Emily is Away was an odd one. On one hand, it was very easy in the sense that you can’t really fail and it’s pretty short, but on the other hand it appears to be impossible to get a good ending. I’m not sure I missed anything, as I played it through a few times and although you can get different endings, none of them I’d suggest were “good”.
The game I’ve played before which is most like Emily is Away is probably the iOS game Lifeline. Whereas that played out like a Choose Your Own Adventure in real-time over a course of a few days, Emily is Away is real-time multiple choice AOL chat-alike played out one chat per year over five years.

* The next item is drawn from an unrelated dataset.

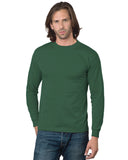 Bayside-BA2955-Union Made Long Sleeve T Shirt-FOREST GREEN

You’re Emily’s friend, and you chat about music, school, college and friends. Depending on your actions, your relationship with her can be platonic, unrequited or temporarily requited (it seems), as you live apart for your college years and she ends up in a strained relationship with Brad while you offer advice from afar. Will she see your advice as interfering, helpful, or with an ulterior motive? That’s where the sometimes ambiguous multiple choice comes in.
Ultimately, all my attempts ended up with me being miserable, her being miserable, or both of us being miserable – and with us losing our friendship completely. See, no good ending. Actually, there’s an early tip-off that there’s no good ending when Emily tells you she’s really into Coldplay. That probably tells you a lot about Emily.
It was an interesting game to play, and since it’s free (or “pay what you want”, if you want) it’s definitely worth a look. Just don’t expect any sort of happy ending.